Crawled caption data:
****************

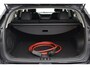 Kia e-Niro ExecutiveLine 64 kWh | Fietsensteun | Warmtepomp | Navigatie | Leder | JBL | Stoelventilatie | Stoelverwarming voor/achter | Stuurwiel verwarmd | Dodehoek detectie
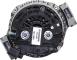 · 0124525059RB - ALT. 150 A 14V PCV REMAN P/BMW (616)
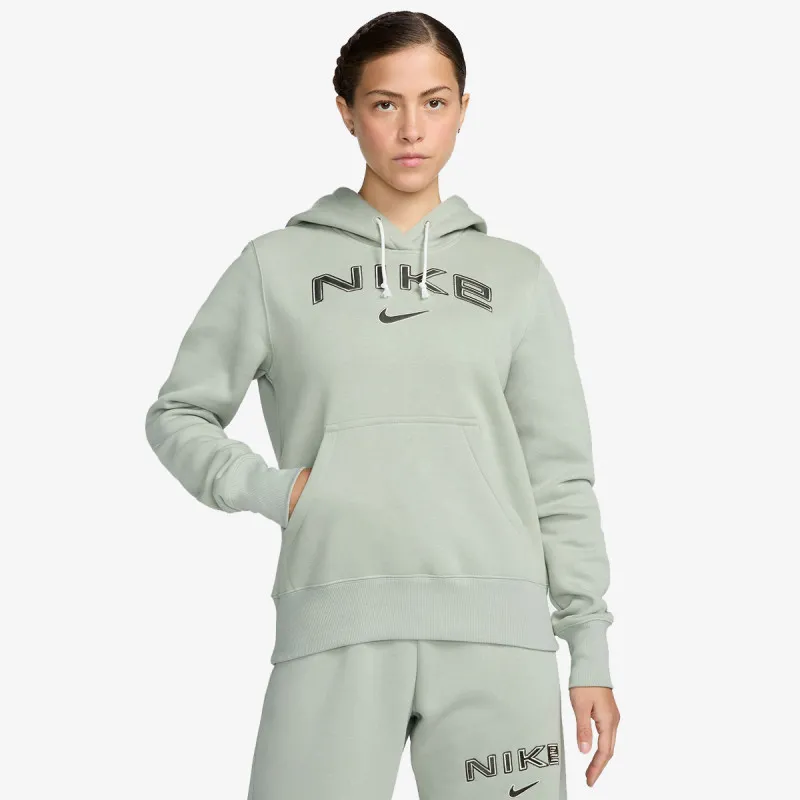Nike Phoenix Fleece 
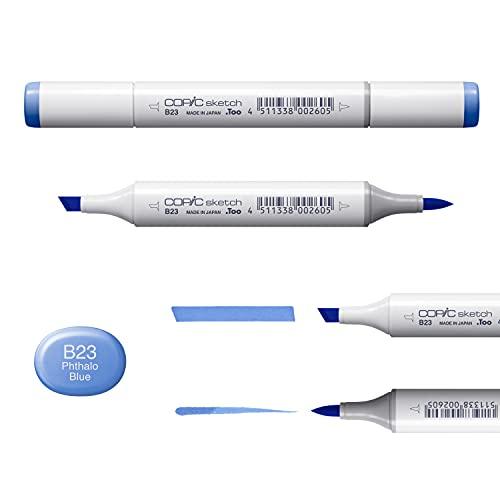 Copic Sketch - Art Supplies Australia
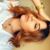 Nancee Lemus Garcia's profile image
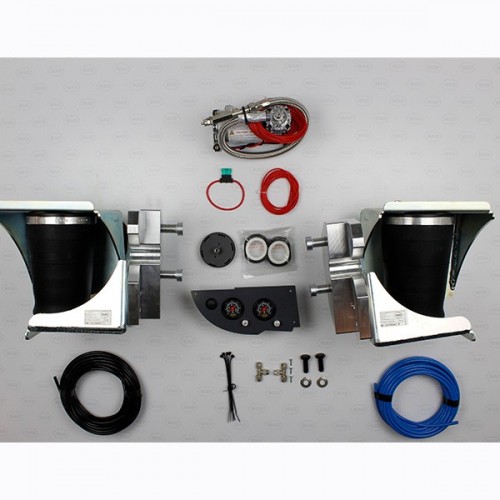 https://www.pezzi-auto.com/wp-content/uploads/A0002/tuning/sospensioni-pneumatiche-telaio-al-ko-doppio-asse-10.jpg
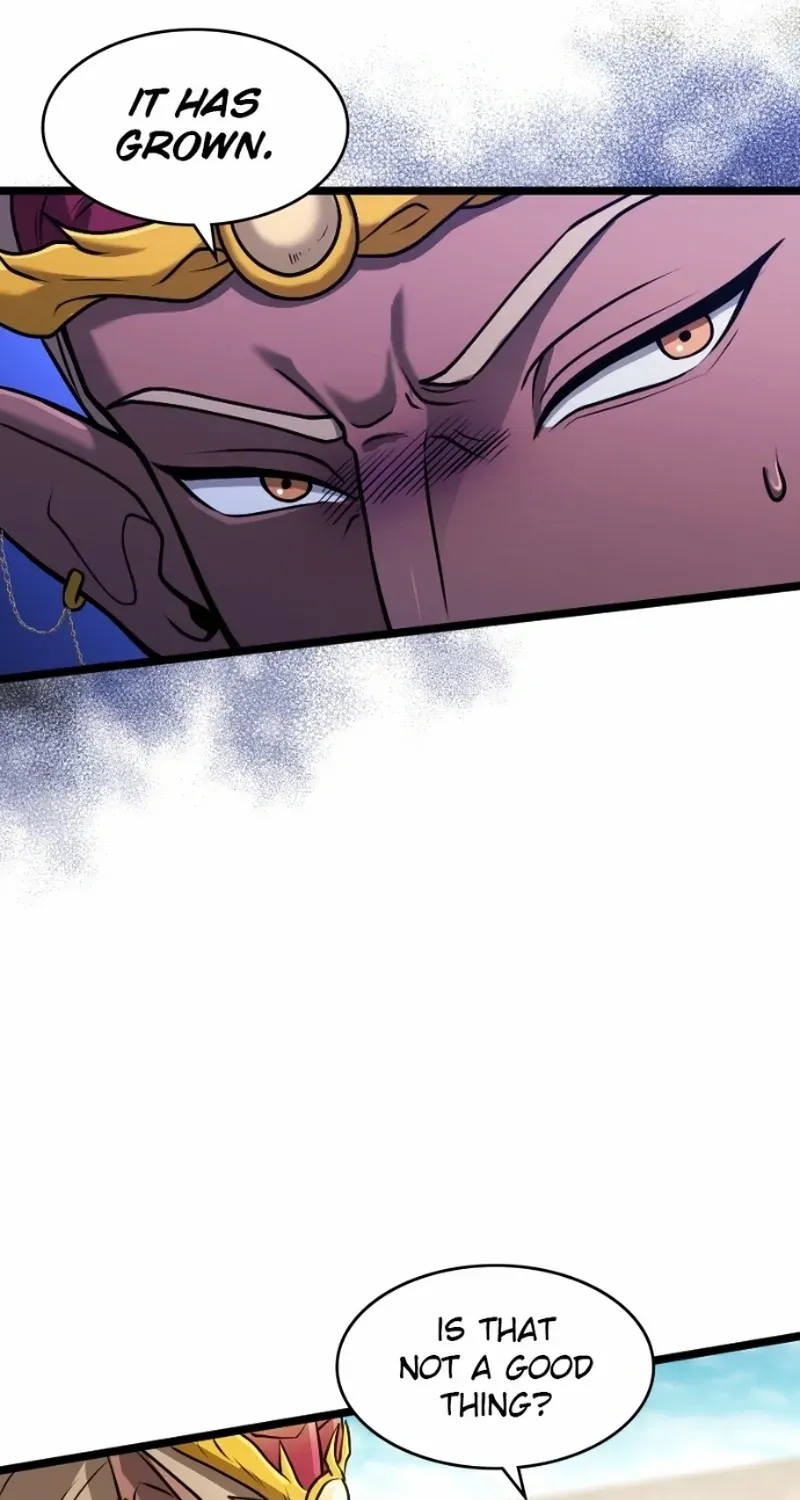 Chapter 100 — page 34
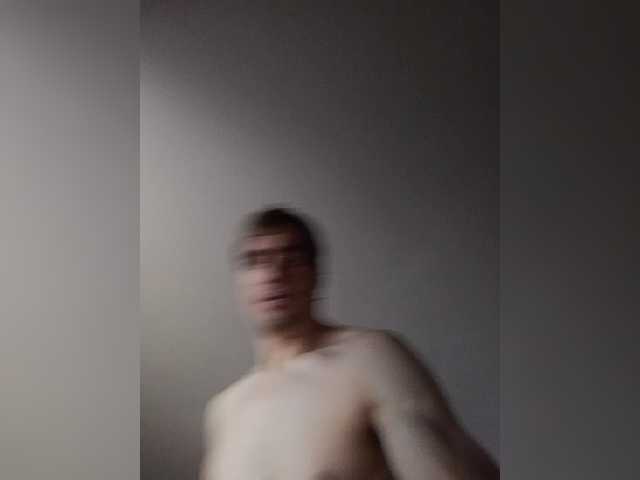Aleksandr-951 live webcam show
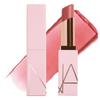 Nars AfterGlow MoisturizinG Lip Balm With Hyaluronic Acid 0.1 Oz 3 G Dolce Vita Dusty Rose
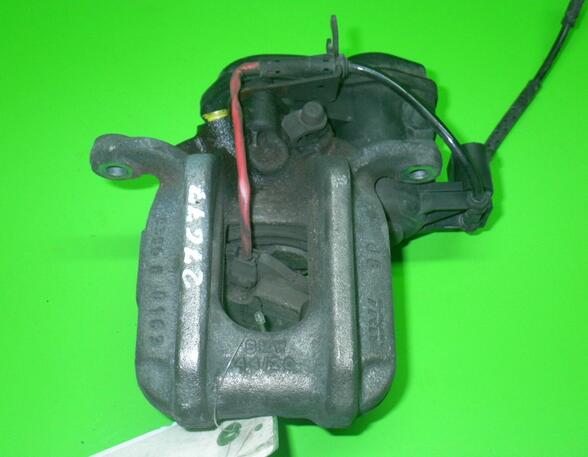 Brake Caliper BMW 5er Touring (F11)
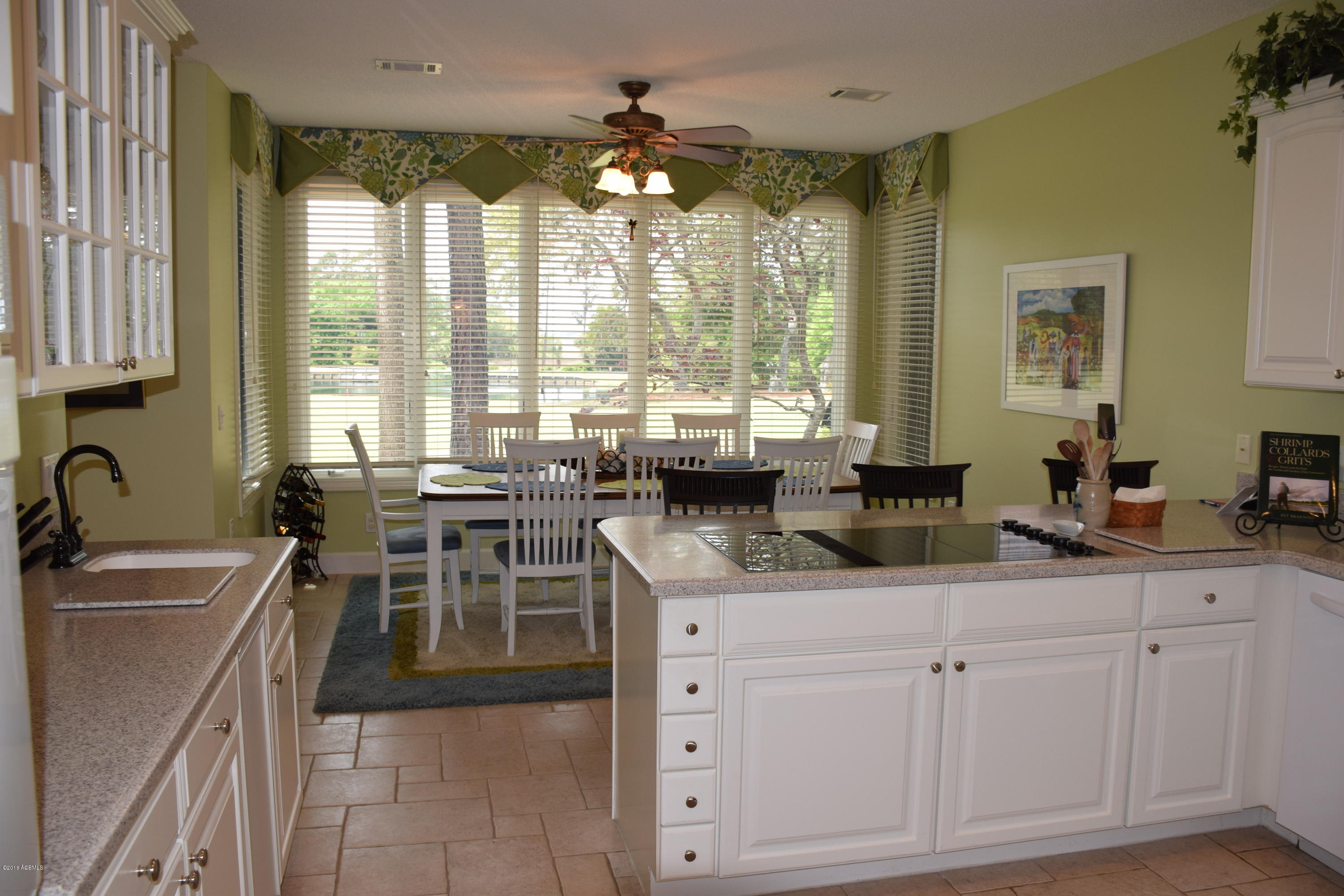 50 South Boone Road St. Helena Island, SC 29920 - Photo 9 of 41 DSC_0021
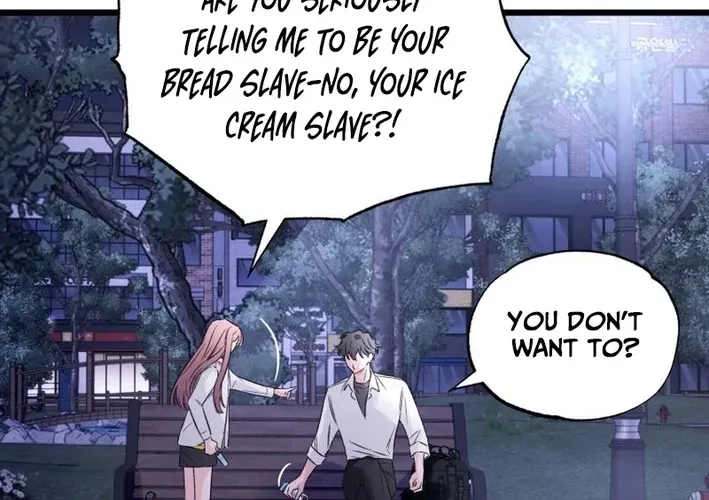 The Beauty of Class 8 Chapter 5 page 36 - 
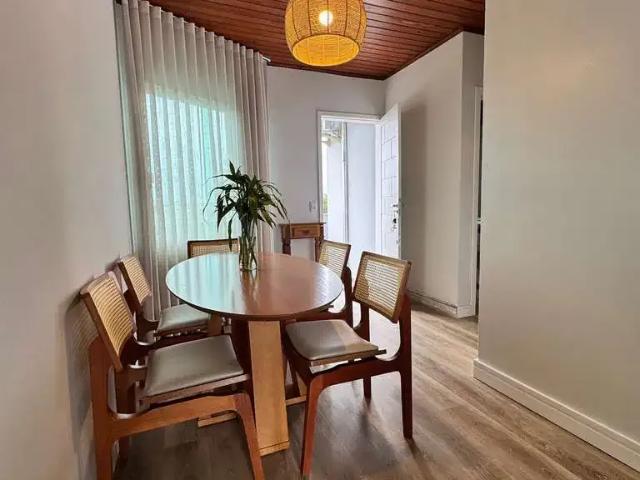 Apartamento venda em Região Geográfica Imediata de Florianópolis, Desterro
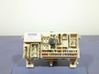 Module confort 4M5T14A073BH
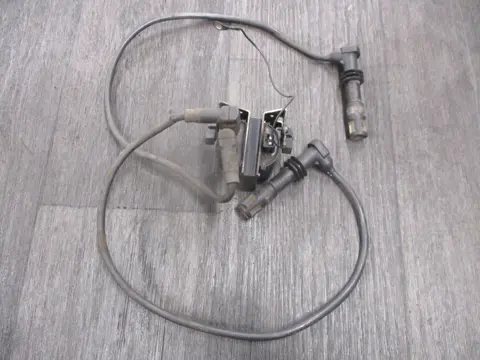 BOBINE BMW R 1100 1150 RS 1993 - 2005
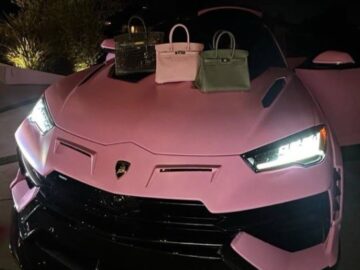 The Cute Things Hackers Do The Cute Things Hackers Do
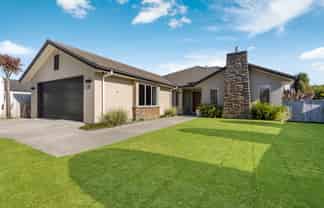37 Searle Drive, Patumahoe
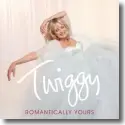 Twiggy - Romantically Yours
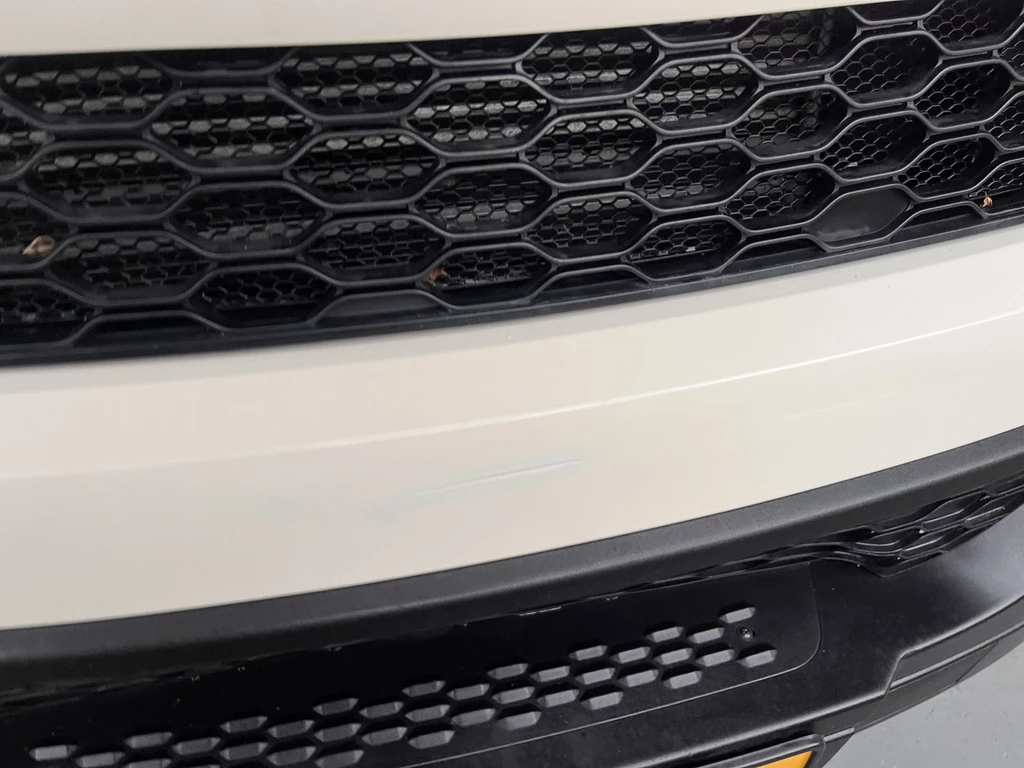 Iveco Daily – foto 53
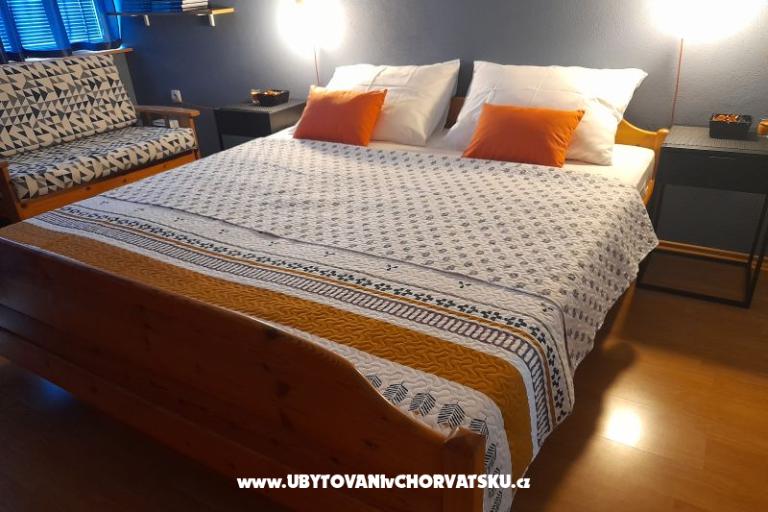 Apartamenty Katarina – foto 15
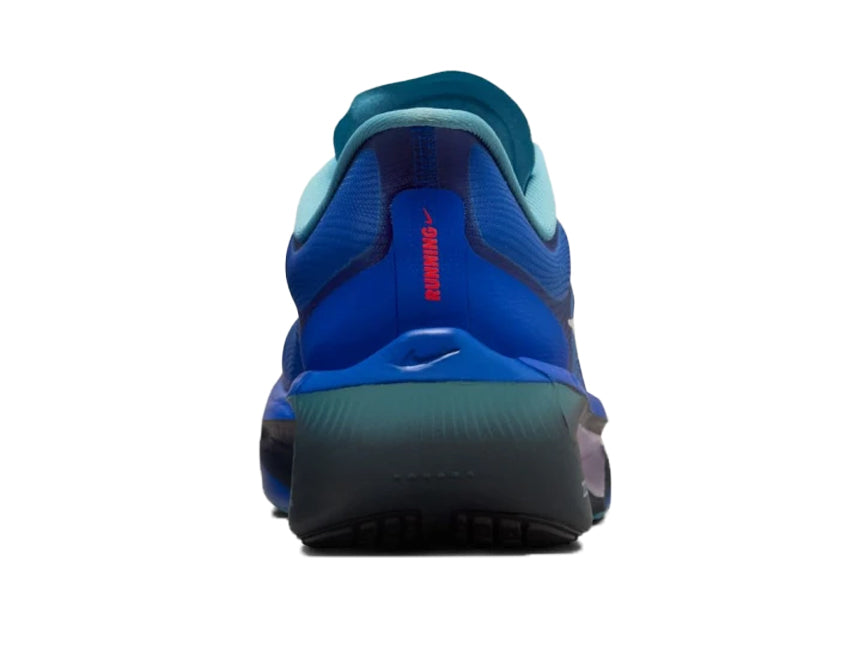 NIKE ナイキ メンズ シューズ ZOOM FLY 6 ズーム フライ 6 HQ1718-400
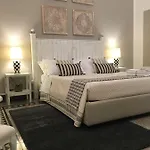 Bed and breakfast Palazzo Bignami Lecce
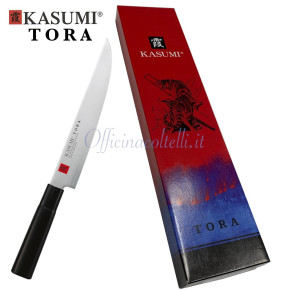 Coltello da carne Kasumi Tora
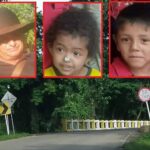 Dos niños y dos adultos fueron asesinados en la vereda Las Nubes de Tame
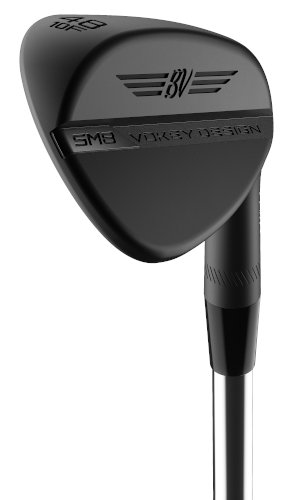 JetBlack-Finish-resized.jpg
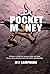 Pocket Money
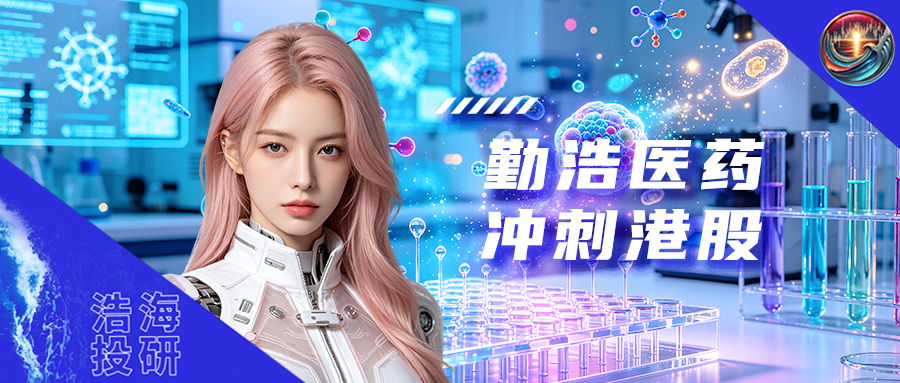 cover_pic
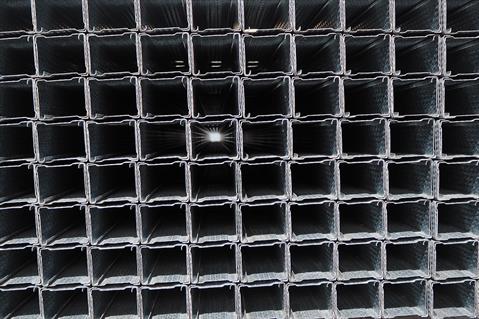 Components-to-wall-structures-II_2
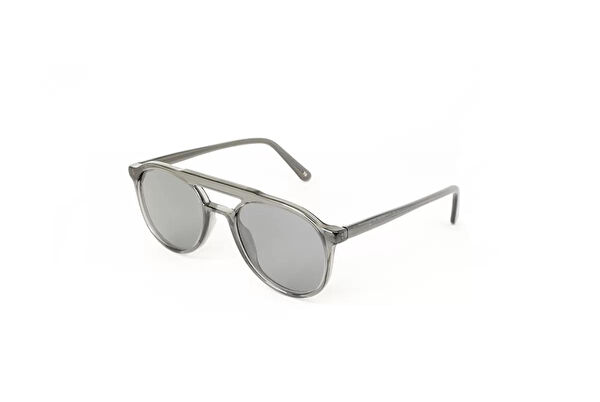 L.G.R Unisex Güneş Gözlüğü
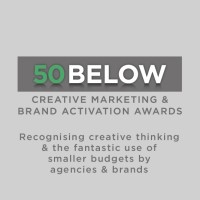 50Below logo - Similar company to 50 Below Software -- Duluth Mn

****************

--- INSTRUCTIONS FOR THE TASK ---
Please repeat every record above exactly, but leave out the pictures.

--- OUTPUT OF THE TASK ---
 Kia e-Niro ExecutiveLine 64 kWh | Fietsensteun | Warmtepomp | Navigatie | Leder | JBL | Stoelventilatie | Stoelverwarming voor/achter | Stuurwiel verwarmd | Dodehoek detectie
 · 0124525059RB - ALT. 150 A 14V PCV REMAN P/BMW (616)
Nike Phoenix Fleece 
 Copic Sketch - Art Supplies Australia
 Nancee Lemus Garcia's profile image
 https://www.pezzi-auto.com/wp-content/uploads/A0002/tuning/sospensioni-pneumatiche-telaio-al-ko-doppio-asse-10.jpg
 Chapter 100 — page 34
Aleksandr-951 live webcam show
 Nars AfterGlow MoisturizinG Lip Balm With Hyaluronic Acid 0.1 Oz 3 G Dolce Vita Dusty Rose
 Brake Caliper BMW 5er Touring (F11)
 50 South Boone Road St. Helena Island, SC 29920 - Photo 9 of 41 DSC_0021
 The Beauty of Class 8 Chapter 5 page 36 - 
 Apartamento venda em Região Geográfica Imediata de Florianópolis, Desterro
 Module confort 4M5T14A073BH
 BOBINE BMW R 1100 1150 RS 1993 - 2005
 The Cute Things Hackers Do The Cute Things Hackers Do
37 Searle Drive, Patumahoe
 Twiggy - Romantically Yours
 Iveco Daily – foto 53
 Apartamenty Katarina – foto 15
 NIKE ナイキ メンズ シューズ ZOOM FLY 6 ズーム フライ 6 HQ1718-400
 Bed and breakfast Palazzo Bignami Lecce
 Coltello da carne Kasumi Tora
 Dos niños y dos adultos fueron asesinados en la vereda Las Nubes de Tame
 JetBlack-Finish-resized.jpg
 Pocket Money
 cover_pic
 Components-to-wall-structures-II_2
 L.G.R Unisex Güneş Gözlüğü
 50Below logo - Similar company to 50 Below Software -- Duluth Mn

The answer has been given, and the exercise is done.